### [DATASET ENTRIES]

.....

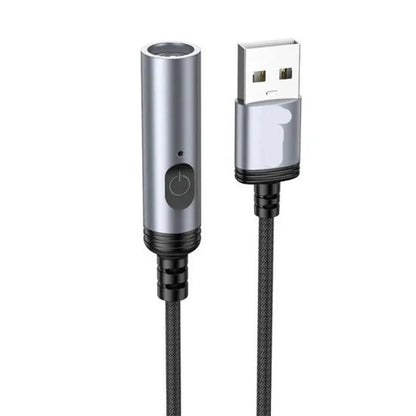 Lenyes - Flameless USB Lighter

.....

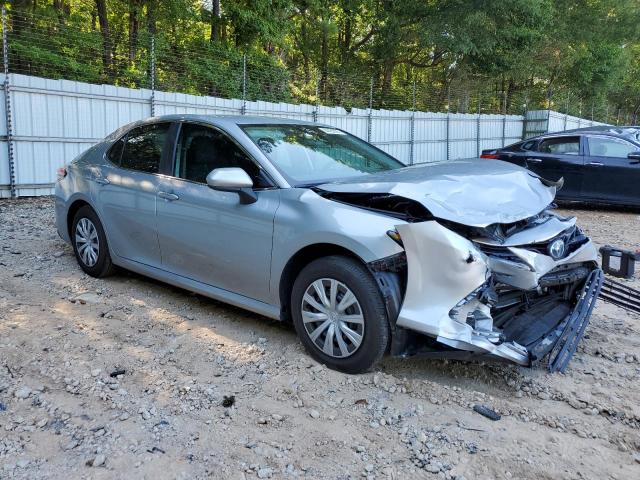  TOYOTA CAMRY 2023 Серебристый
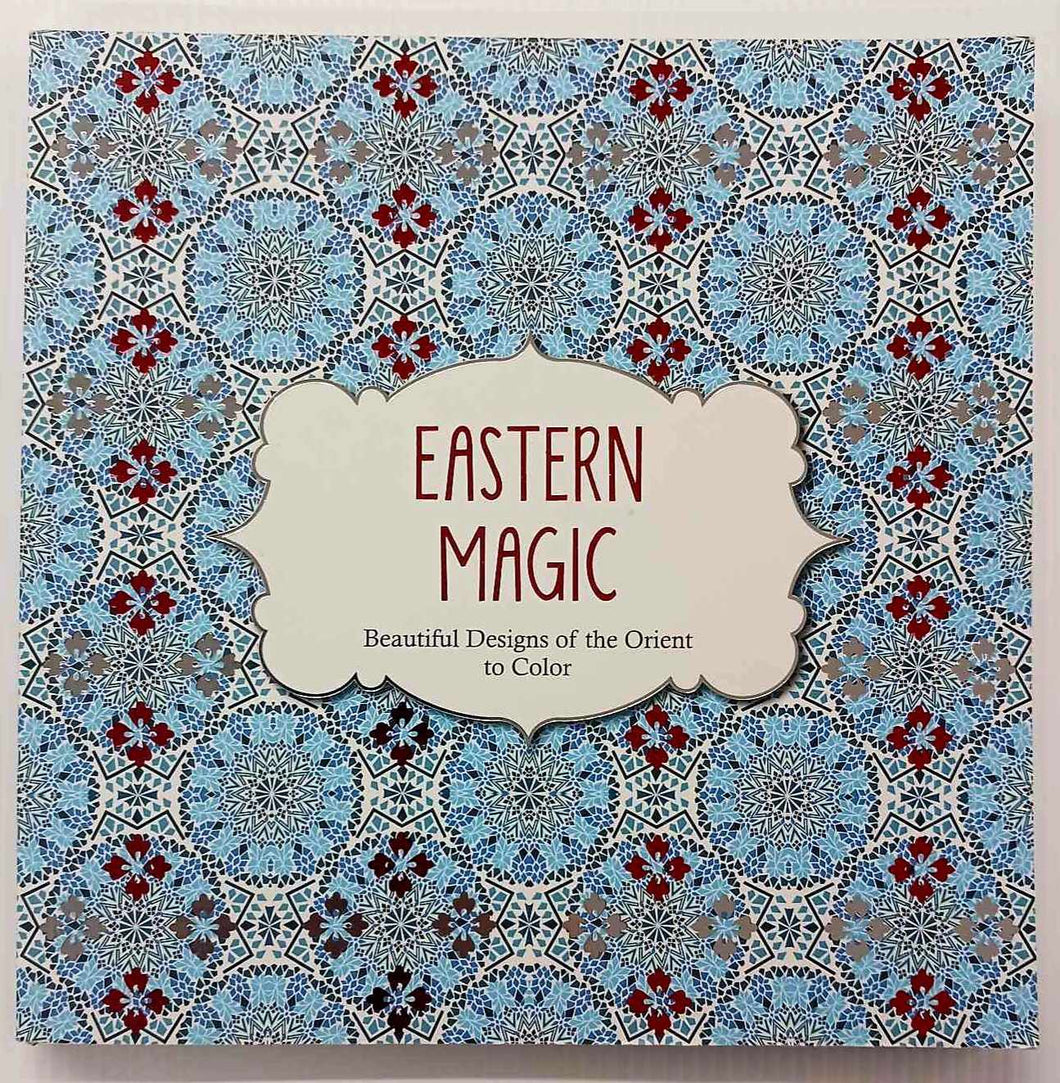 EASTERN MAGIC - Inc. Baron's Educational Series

.....

### [WHAT YOU ARE ASKED TO DO]
Reproduce exactly the lines of the data above that run from the line with "TOYOTA CAMRY 2023 Серебристый" down to the line with "EASTERN MAGIC - Inc.", both ends included. Pictures do not belong in the copy.

### [OUTPUT FOR THIS TASK]
  TOYOTA CAMRY 2023 Серебристый
 EASTERN MAGIC - Inc. Baron's Educational Series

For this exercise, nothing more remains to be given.